**Task goal:** When you reach the line with "Appartamento Vivendos - Tr18", transcribe it and each line after it through the last one below, exactly. Pictures stay out.

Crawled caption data
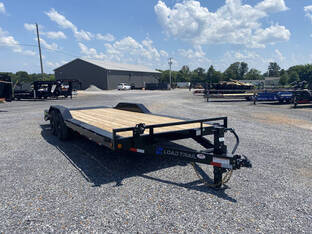 2025 Load Trail CH0222072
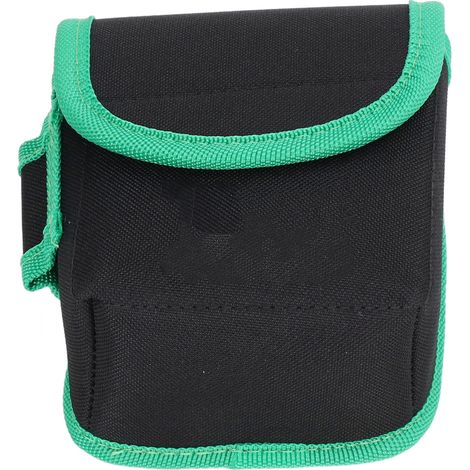 Ceinture porte-outils étanche en nylon, résistant à l'usure, grand espace, poche à outils pour électricien (1/5)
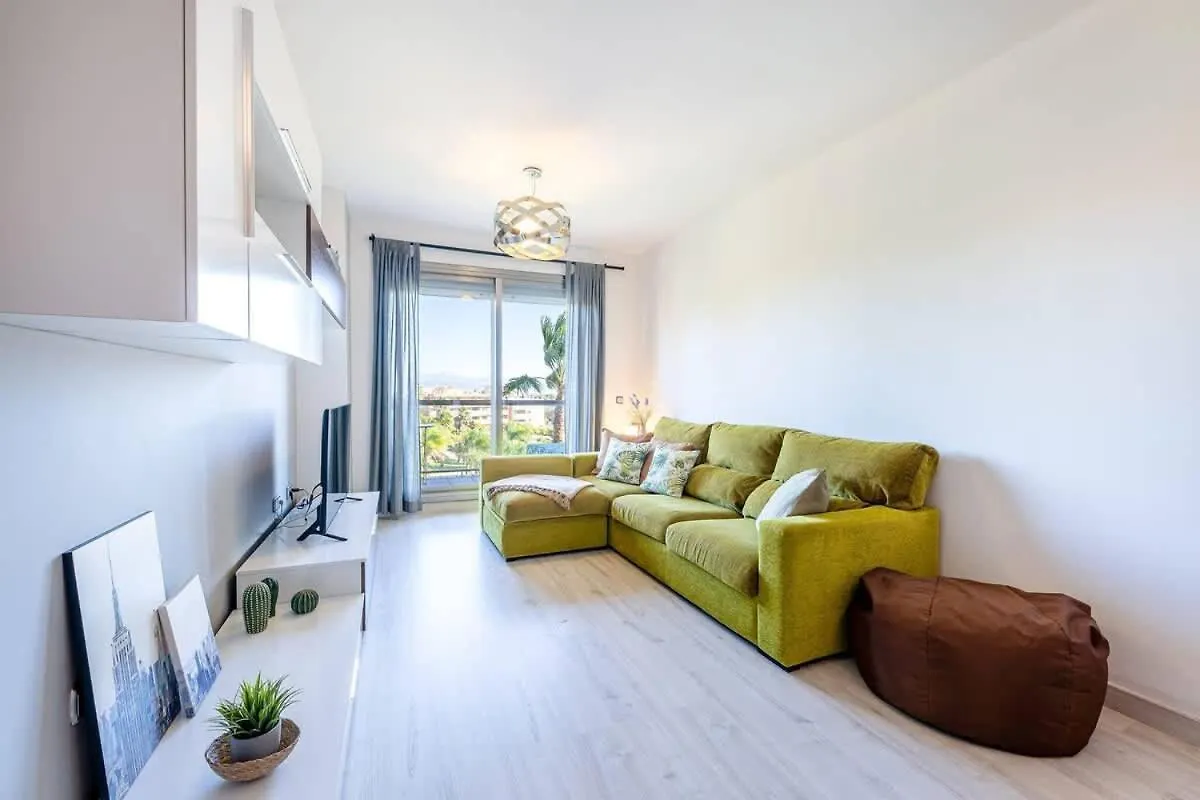 Appartamento Vivendos - Tr18 - Pinillo Torremolinos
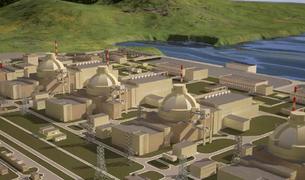 Структура Росатома изготовила завершающую часть реактора для турецкой АЭС «Аккую»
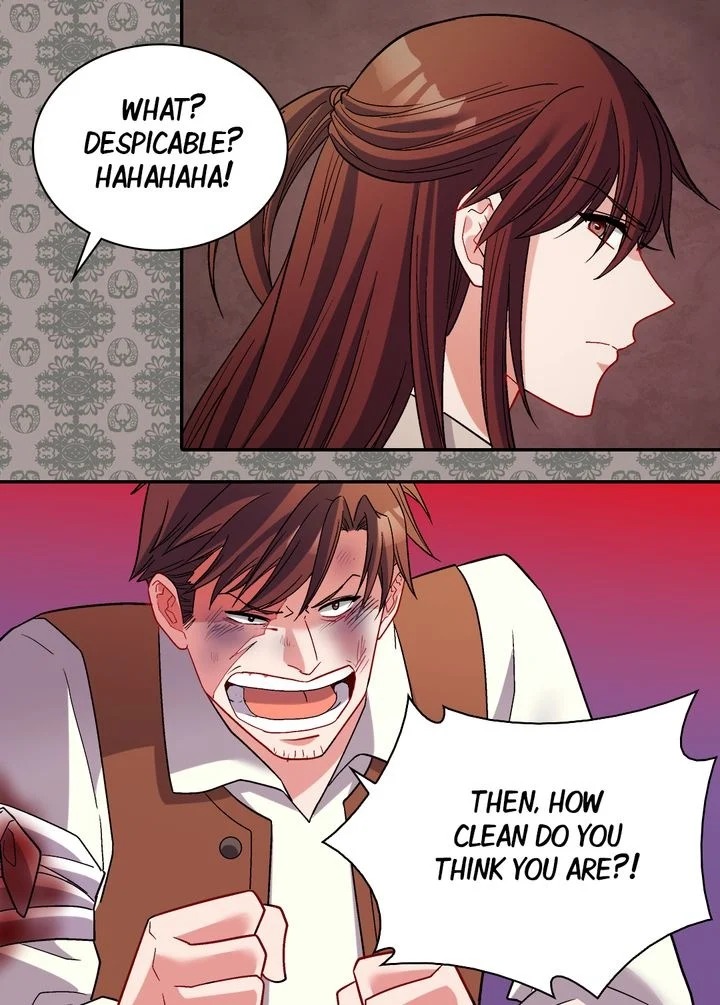 The Justice of Villainous Woman ( What It Takes to be a Villainess ) Chapter 108 - page 38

**Output of the task:**
 Appartamento Vivendos - Tr18 - Pinillo Torremolinos
 Структура Росатома изготовила завершающую часть реактора для турецкой АЭС «Аккую»
 The Justice of Villainous Woman ( What It Takes to be a Villainess ) Chapter 108 - page 38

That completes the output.